A 21-page denial resolution was ready to go spelling out in great detail findings that couldn't be made at the council's April 13 meeting. On a split vote at that meeting, after years of discussion, the city council voted to deny the project. Usually a simple procedural matter on the consent calendar follows once a decision has been made, adopting the denial resolution, settling the matter.
Not so with the drama surrounding the Wight's home. Both Steve and Linda Wight wrote a scathing letter to the city council on April 20 expressing their disappointment and belief that "we have been shabbily treated by this lengthy City process," adding that they have been "unnecessarily harmed by such a sustained delay in obtaining a decision from the City."

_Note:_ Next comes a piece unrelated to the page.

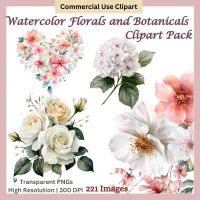 Watercolor Floral and Botanical Clipart PNG Bundle | Flowers and Greenery Graphics | Commercial Use | CC-4 – Image 6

They concluded by urging the council to "thoughtfully consider our application and adopt the resolution of approval" at the upcoming May 11 meeting. The attorney for the couple, David Bowie, was in attendance arguing that years ago the city approved the site and massing for Phase I that required much less grading and was single story. "Then you created this bunkering situation" and disapproved Phase II, adding that it is "inappropriate and incorrect to say there is too much grading."
Ed Shaffer, attorney for the Glen Neighborhood, stated the denial lays out objective findings and there is no basis for "clearly arbitrary or capricious" claims.
Members of the city council didn't budge from their original votes, three in favor of denying the project, one in favor of approval and one abstention.